オックスフォード英語辞典によると、「頻度主義者」という用語は、1949年にモーリス・ケンド-ルが用いたのが最初である。対照的に、彼はベイズ確率主義者を「非頻度主義者」と呼んでいる[17][18]。彼は次のように考察した:
より早く、1921年のケインズの著書の章題で『頻度主義による確率論』 ("The Frequency Theory of Probability") が使われている[4]。
歴史的な順序としては、20世紀以前に確率の概念が導入され、確率論の多くが導出された。20世紀に、古典的な推定統計学が開発され、確率の数学的基礎が固められ、現在の用語が導入された。確率論と統計学の初期の歴史的な原典では、古典的確率、主観確率(ベイズ確率)、統計的確率という用語は使用されていなかった。
確率論は数学の一分野である。そこに至るまでには何世紀も経たが、1933年のアンドレイ・コルモゴロフによる確率の公理で成熟した。公理的確率は、それまでの確率への値の割り当て方でなく、むしろ確率が満たすべき演算に焦点が当てられている。確率の解釈の違いによって数学全体が大きく影響を受けることはない。
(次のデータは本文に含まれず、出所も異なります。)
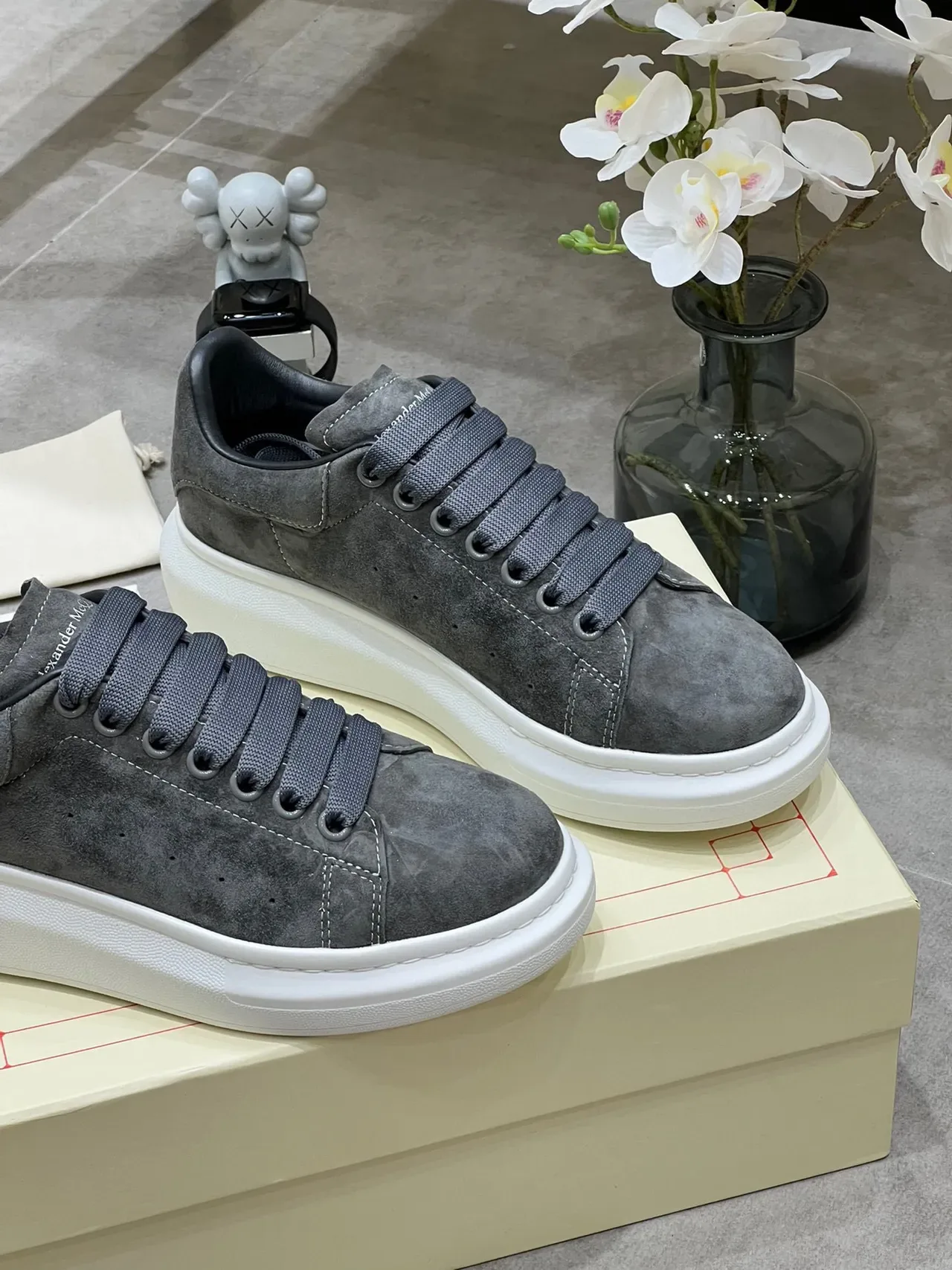 Alexander McQueen Oversized Sneaker Gray Suede Lifestyle Sneakers 4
確率の解釈は、哲学、科学、統計学により導かれる。我々は観測から法則を導き出す(帰納)が、そこにはいくつかの解釈があり[19]、いずれにも問題がある。頻度論的解釈は、物理的対称性が認められない場合などの、古典的解釈における問題を解決する。ただしこれは dutch bookのような問題には対応していない。